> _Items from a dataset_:
○ ○ ○ ○ ○
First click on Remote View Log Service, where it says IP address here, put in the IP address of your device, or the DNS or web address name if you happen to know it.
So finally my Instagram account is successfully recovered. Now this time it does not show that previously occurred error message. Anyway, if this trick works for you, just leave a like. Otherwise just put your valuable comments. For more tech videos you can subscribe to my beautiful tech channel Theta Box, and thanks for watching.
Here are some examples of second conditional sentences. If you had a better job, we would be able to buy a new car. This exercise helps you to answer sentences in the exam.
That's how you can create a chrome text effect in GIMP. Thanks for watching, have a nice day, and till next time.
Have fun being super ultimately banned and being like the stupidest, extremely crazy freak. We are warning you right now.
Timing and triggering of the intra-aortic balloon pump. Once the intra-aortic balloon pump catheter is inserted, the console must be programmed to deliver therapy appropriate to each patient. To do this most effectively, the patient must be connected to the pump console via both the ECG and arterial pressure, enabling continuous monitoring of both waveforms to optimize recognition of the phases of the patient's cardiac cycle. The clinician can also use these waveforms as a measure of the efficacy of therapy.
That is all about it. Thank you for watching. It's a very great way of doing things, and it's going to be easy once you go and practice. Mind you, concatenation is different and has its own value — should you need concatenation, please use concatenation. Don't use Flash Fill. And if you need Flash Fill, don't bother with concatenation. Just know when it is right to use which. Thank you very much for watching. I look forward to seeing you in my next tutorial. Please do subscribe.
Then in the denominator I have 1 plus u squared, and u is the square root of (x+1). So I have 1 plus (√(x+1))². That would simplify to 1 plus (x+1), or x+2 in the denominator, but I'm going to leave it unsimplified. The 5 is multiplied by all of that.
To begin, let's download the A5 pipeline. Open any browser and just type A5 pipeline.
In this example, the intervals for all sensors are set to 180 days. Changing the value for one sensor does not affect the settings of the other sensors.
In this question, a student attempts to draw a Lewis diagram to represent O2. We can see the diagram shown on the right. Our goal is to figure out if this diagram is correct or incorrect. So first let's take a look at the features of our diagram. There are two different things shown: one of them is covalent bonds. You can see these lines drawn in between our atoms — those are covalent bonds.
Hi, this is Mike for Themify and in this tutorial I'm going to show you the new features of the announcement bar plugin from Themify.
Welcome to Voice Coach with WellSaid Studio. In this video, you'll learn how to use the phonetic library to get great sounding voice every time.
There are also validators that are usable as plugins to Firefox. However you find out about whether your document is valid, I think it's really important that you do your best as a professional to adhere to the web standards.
○ ○ ○ ○ ○
> _PROBLEM TO WORK ON_: Your answer should be the lines from the one containing "Welcome to Voice" to the end of the entries above, restated exactly and alone.

> _ANSWER SECTION_:
Welcome to Voice Coach with WellSaid Studio. In this video, you'll learn how to use the phonetic library to get great sounding voice every time.
There are also validators that are usable as plugins to Firefox. However you find out about whether your document is valid, I think it's really important that you do your best as a professional to adhere to the web standards.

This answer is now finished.